Our results suggest that secondary modifications of sequence properties unique to the lamprey lineage may be one of the factors preventing robust orthology assessments of lamprey genes, which deserves further genome-wide validation. The lamprey lineage-specific alteration of protein-coding sequence properties needs to be taken into consideration in tackling the key questions about early vertebrate evolution.

Background

For a complete understanding of the evolution of vertebrates, jawless fishes (cyclostomes; hagfishes and lampreys) occupy crucial positions as the most early-branching lineages, which diverged more than 500 million years ago from the gnathostome (jawed vertebrate) lineage [1]. Their phylogenetic relationships with gnathostomes serve as a crucial scaffold on which one can map phenotypic and genotypic changes [2, 3]. More importantly, genome expansions, known as 'two-round whole genome duplications (2R-WGDs)', took place around the divergences of these lineages [4, 5].

It has recently been shown that the 2R-WGDs occurred in the stem lineage leading to vertebrates after the splits of the cephalochordate and urochordate lineages [6] before the chondrichthyan lineage branched off [7]. Recently, a scenario in which both WGDs occurred before the cyclostome-gnathostome split was suggested [4]. However, there are many gene families that do not conform to the expected tree topology in phylogeny reconstructions. Often phylogenetic studies recover basal divergences and exclusive groupings of lamprey sequences with long branches (Figure 1A; see refs [8–14] for examples). This feature, observed commonly among different gene families, has also been interpreted as in support of lamprey lineage-specific genome duplication [15]. It would appear that methodological biases add to the difficulty in reconstructing the molecular phylogenies, originating from possible peculiar features of lamprey sequences, which might be preventing proper reconstructions of gene family trees.

Figure 1
figure 1

Alternative tree toplogies supporting different timings of two-round whole genome duplications (2R-WGDs). As an example, for a gene family with three gnathostome paralogs and three lamprey paralogs, gene trees (top) and species trees with timings of gene duplications (bottom) are shown. Gene duplications that gave rise to multiple gnathostome paralogs are indicated with grey diamond (top) and grey arrows (bottom), and those in the lamprey lineage are indicated with black diamond (top) and black arrows (bottom). Even though a recent large-scale phylogenetic analysis supported the scenario in B [4], analyses on single gene families often result in the tree topology similar to that in A. C was previously supported [49]. Abbreviations: Gna., gnathostome gene; Lam., lamprey gene; Inv., invertebrate gene.

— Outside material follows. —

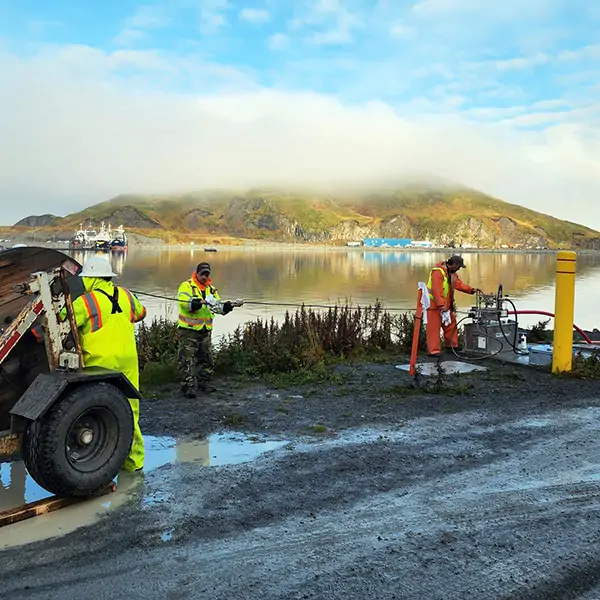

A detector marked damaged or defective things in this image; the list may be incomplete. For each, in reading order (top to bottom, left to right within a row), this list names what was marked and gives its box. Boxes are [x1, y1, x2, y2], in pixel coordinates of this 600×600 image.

To reveal possible peculiar features of lamprey protein-coding sequences, we focused on the potassium voltage-gated channel, shaker-related subfamily (KCNA) [16]. Members of this gene family are mostly single-exon genes. Thus, they are particularly ideal candidate genes for this type of analysis involving partial genome sequences that are available for the sea lamprey (Petromyzon marinus) and the elephant shark (Callorhinchus milii). In tetrapods, the KCNA family comprises eight genes, six of which form two tri-gene clusters that were established by tandem duplications followed by a chromosomal duplication (Figure 2) [17]. This chromosomal duplication is thought to be part of the 2R-WGDs [17]. It is of interest to assess orthology of lamprey genes based on the available genome assembly in this already established evolutionary framework of the KCNA gene family.

Figure 2
figure 2

Proposed scenario for the evolution of KCNA genes and clusters in vertebrates. Names of genes are indicated inside or below boxes showing KCNA genes. In the human genome, there are eight KCNA genes, six of which form two tri-gene clusters (KCNA6-1-5 and KCNA3-2-10). The human KCNA clusters are positioned on chromosomes 1 (KCNA6-1-5) and 12 (3-2-10). Except for KCNA7, which has one intron, all vertebrate KCNA genes identified so far are intronless. The status with a single tri-gene cluster is hypothetical.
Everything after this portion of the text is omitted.